A primeira menção ao acto com que se abrem as festas a S. Nicolau que encontrámos, data de 1822. No dia 28 desse ano, foi publicada uma ordem do intendente-geral da polícia, apregoada publicamente através de um bando, através da qual se interditavam as máscaras no dia de S. Nicolau. Não obstante, houve alguns estudantes que infringiram aquela disposição policial, saindo mascarados à rua no dia 6 de Dezembro.


Os estudantes recorreram para o rei da ordem do intendente, através de uma representação (petição), que o rei acolheria, através de uma portaria de 12 de Dezembro, em que autorizava os estudantes a mascararem-se. A notícia desta decisão foi celebrada em Guimarães no dia 18, tendo os estudantes erguido a sua bandeira no Toural, com acompanhamento de foguetes e repiques de sinos. A vila iluminou-se, como costumava acontecer nos dias festivos e recitaram-se versos.

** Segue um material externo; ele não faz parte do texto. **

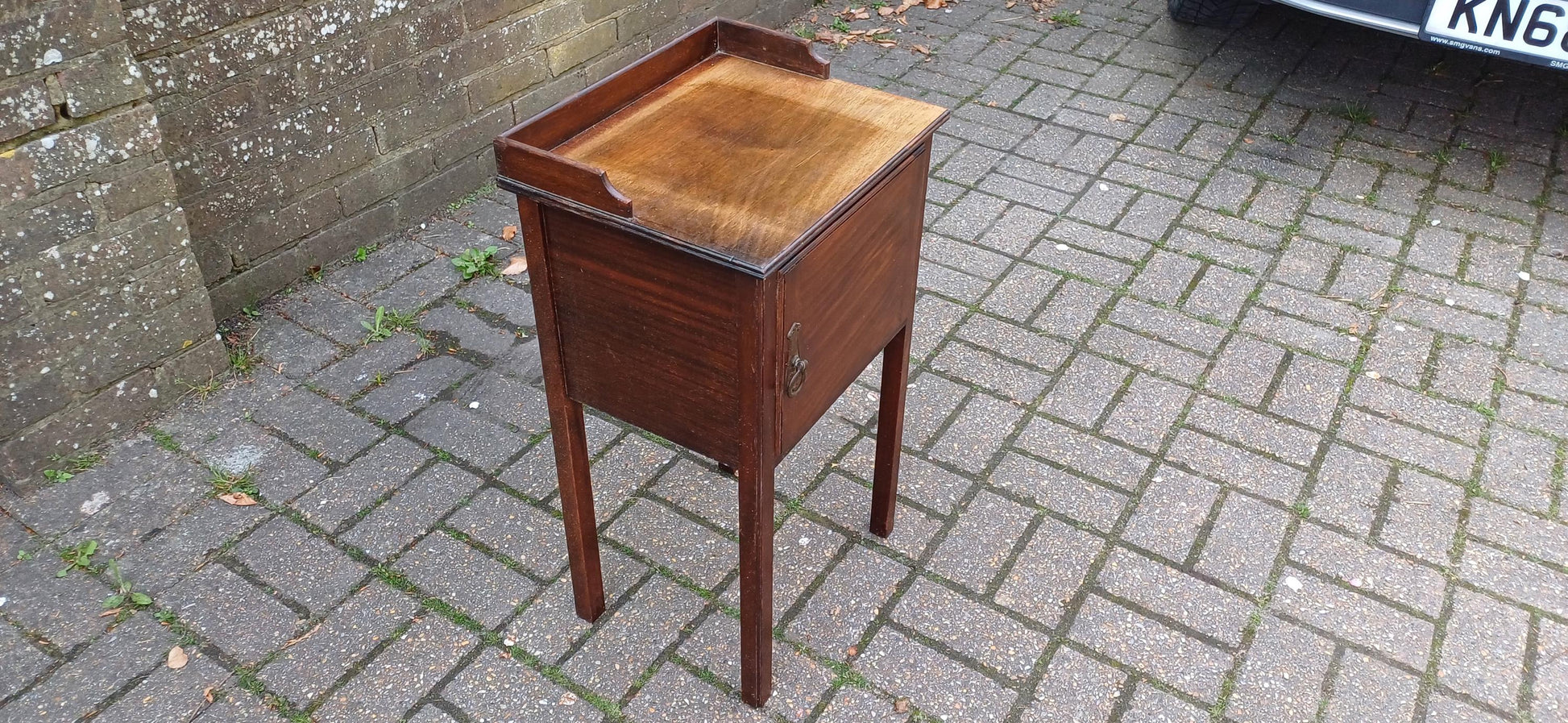 Antique Edwardian Mahogany Bedside Cabinet Gallery Top Vintage Storage Side Table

Nessa noite, organizou-se uma encamisada (folia de mascarados) de estudantes, com grande acompanhamento de povo, onde não faltaram os vivas a D. João VI.


Ou seja: na mais antiga referência ao pinheiro (mastro ou bandeira) dos estudantes, que até agora conseguimos encontrar, o seu levantamento aconteceu, não no dia 29 de Novembro, mas a 18 de Dezembro.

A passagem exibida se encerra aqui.